Background on the Metropolis Algorithm with Random Walk proposals (for Problem 1 and Problem 3)

For helpful background, review the lecture notes from day 21 as well as Bishop's PRML textbook Sec. 11.2

Background on the Gibbs Sampling Algorithm (for Problem 2)

For helpful background, review the lecture notes from day 22 as well as Bishop's PRML textbook Sec. 11.3

Starter Code and Dataset

You can find the starter code and datasets in the course Github repository here:

https://github.com/tufts-ml-courses/comp136-spr-20s-assignments/tree/master/cp5

Starter Code Installation Notes:

  • If you have the spr_2020s_env conda environment installed from CP1 or any other previous CP, you don't need to do anything else.

  • If not, follow directions in the starter code README for how to install the required Python environment

Problem 1: Random Walk Algorithm Implementation

Target Distribution

You goal in Problem 1 is to draw samples from this target distribution:

\begin{align} p( z ) = p( [z_0, z_1] ) = \text{MultivariateNormal} \Big( \left[ \begin{array}{c} -1.0 \\ +1.0 \\ \end{array} \right] , \left[ \begin{array}{c c} 2.00 & 0.95 \\ 0.95 & 1.0 \end{array} \right] \Big) \end{align}

You want to write a Random Walk sampler to draw a Markov chain of samples \(z^{1}, z^{2}, \ldots z^{S}\).

Remember each sample is a 2-dim. vector: \(z^{s} = [z^{s}_0 ~ z^{s}_1]\)

Tasks for Code Implementation

(All code steps will be evaluated primarily by Autograder, but also read thru by Instructor/TA).

WRITING CODE 1(i) Implement the calc_target_log_pdf method in run_RW_correlated_2d_normal.py, to calculate the log PDF of our target distribution.

WRITING CODE 1(ii) Implement the draw_samples method of RandomWalkSampler2D class. This is a generic procedure that will implement the Metropolis algorithm correctly (draw proposal from Normal, then accept/reject using Metropolis accept threshold), using an externally defined function that computes the target log pdf (or its value up to an additive constant).

Tasks for Data Analysis

Now implement the main block of run_RW_correlated_2d_normal.py in order to solve the analysis questions below.

ANALYSIS 1(i): Using the main block of starter code run_RW_correlated_2d_normal.py, run your RandomWalk sampler from the first initialization \(z = [0, 0]\) (labeled "A" in the code). Set the proposal standard deviation to rw_stddev=10.0. Run for 10000 iterations of the sampler.

  • Plot the 2D distribution of all 10000 samples. Does it qualitatively converge to the target distribution? How would you know?
  • Plot the 2D distribution of the last 5000 samples only (so that you only keep samples after the chain might have "converged"). Did this help?
  • Look at the acceptance rate of the last half of your samples. Does this give you a clue about what might be going on?

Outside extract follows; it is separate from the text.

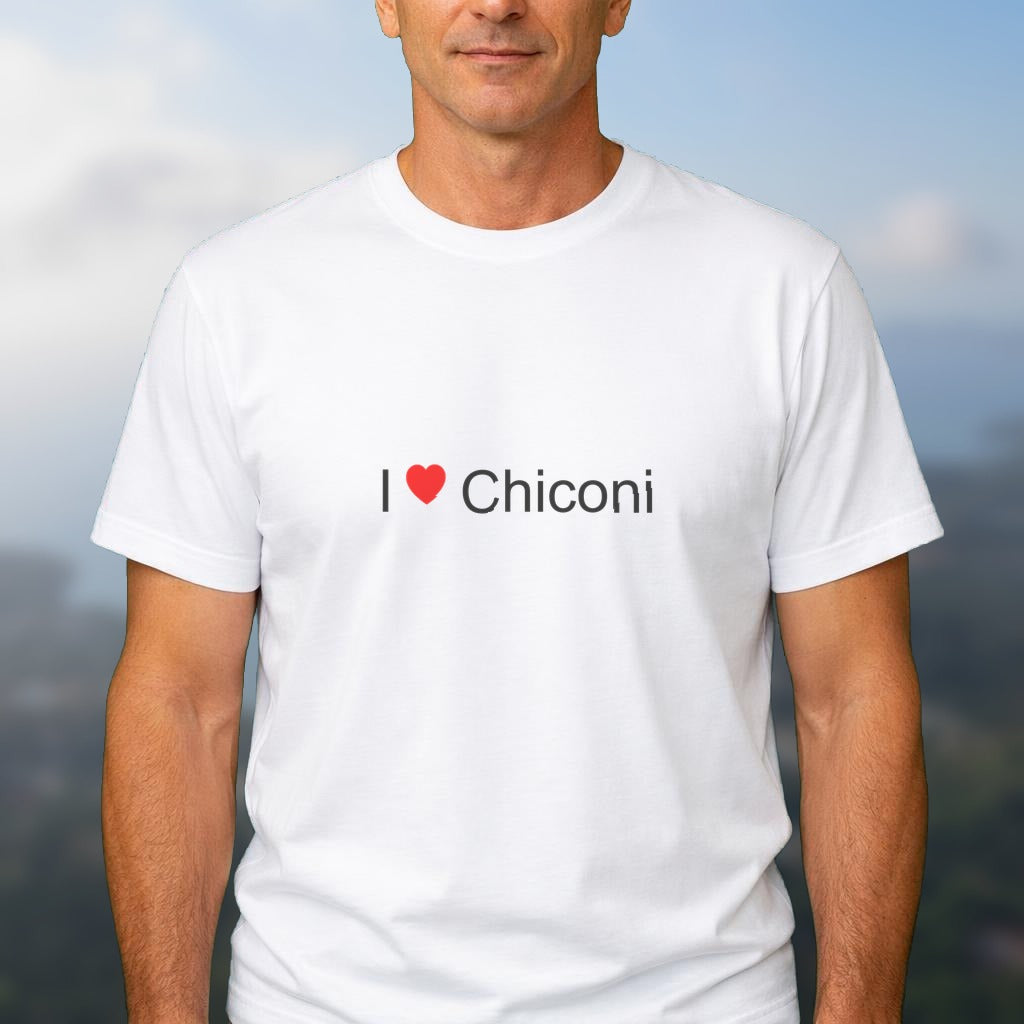 T-shirt I love chiconi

ANALYSIS 1(ii): Repeat with the second initialization \(z = [1, -1]\) (labeled B) in run_RW_correlated_2d_normal.py, again set the proposal standard deviation to rw_stddev=10.0.

  • Plot the 2D distribution of samples. Does it qualitatively converge to the intended distribution (if it does, it should look indistinguishable from the result of any other MCMC chain that converged, such as 1(i) above).

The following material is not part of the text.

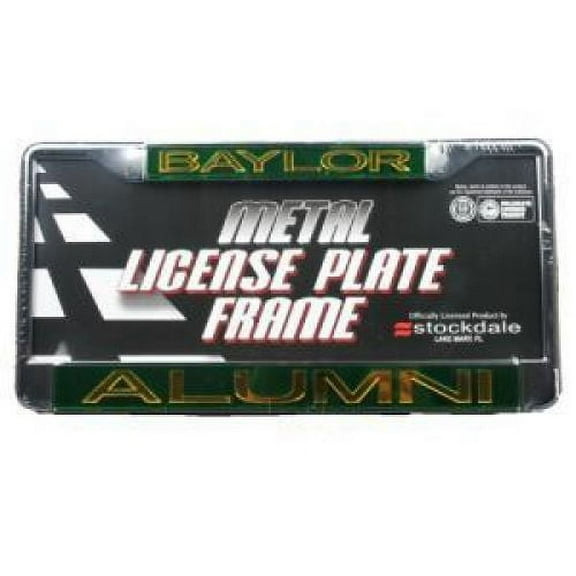 Baylor Bears Metal Alumni Inlaid Acrylic License Plate Frame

ANALYSIS 1(iii): Repeat the above across a range of rw_stddev hyperparameter values: [0.01, 0.1, 1.0, 10.0]. Make sure you understand (1) what acceptance rates and other metrics look like when this hyperparameter is too small, too big, and about right; and (2) how to use multiple chains from different initialization to sanity check convergence.

Tasks for Report Writing

1a FIGURE: Show the 2D distribution produced from each initialization at each rw_stddev value defined above: [0.01, 0.1, 1.0, 10.0]. (Use the default plot limits in the starter code, and plot the last 5000 of 10000 total samples).

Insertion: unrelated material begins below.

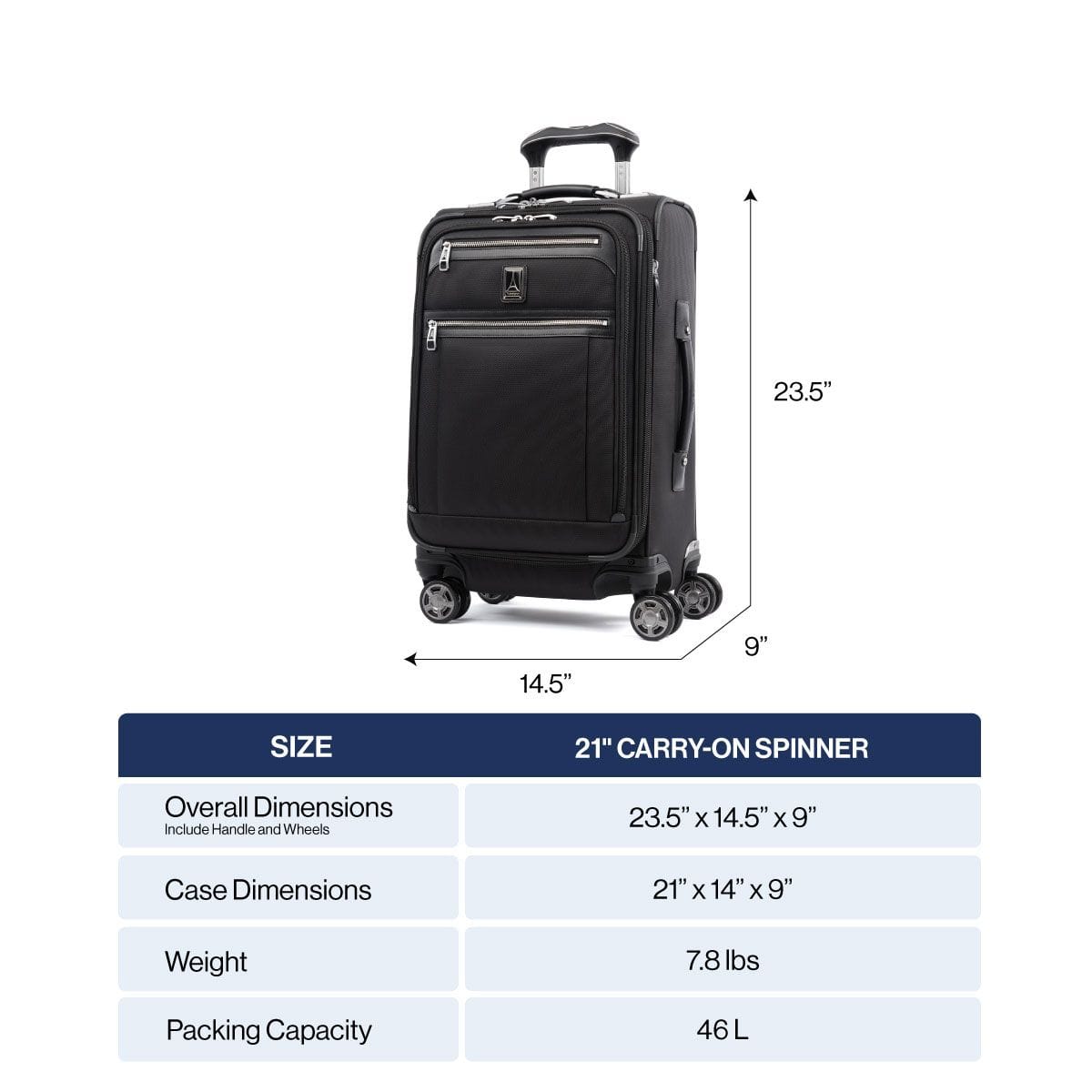 Travelpro Platinum Elite Softside Expandable 21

1b SHORT ANSWER: Which rw_stddev value(s) (of the 4 in 1a) would you select to obtain samples from the target distribution? Why?

1c SHORT ANSWER: Suppose for a different problem (a different target distribution over the same 2D space) you implement a RandomWalk sampler. You find that setting rw_stddev=100.0 yields an acceptance rate of around 0.8 after running 1 chain for 100,000 samples. Should you be confident your MCMC chain has converged? Justify your answer.

Problem 2: Gibbs Sampling Algorithm Implementation

In problem 2, your goal is to write a Gibbs sampler for the same target distribution as in Problem 1.

Hint: You might find the day 22 GibbsSampler.ipynb notebook helpful.

Tasks for Code Implementation

(All code steps will be evaluated primarily by Autograder, but also read thru by Instructor/TA).

WRITING CODE 2(i): Implement the draw_samples method of GibbsSampler2D class

WRITING CODE 2(ii): Implement the draw_z0_given_z1 method in run_Gibbs_correlated_2d_normal.py

WRITING CODE 2(iii): Implement the draw_z1_given_z0 method in run_Gibbs_correlated_2d_normal.py

Tasks for Data Analysis

Now implement the main block of run_Gibbs_correlated_2d_normal.py in order to solve the analysis questions below.

ANALYSIS 2(i): Run a Gibbs sampler from the first initialization (labeled "A"): \(z = [0, 0]\) . Run at least 5000 iterations of the sampler, and be sure to keep only the samples you are confident have "converged" to the target distribution. Plot the 2D distribution of samples. Does it qualitatively converge to the target distribution?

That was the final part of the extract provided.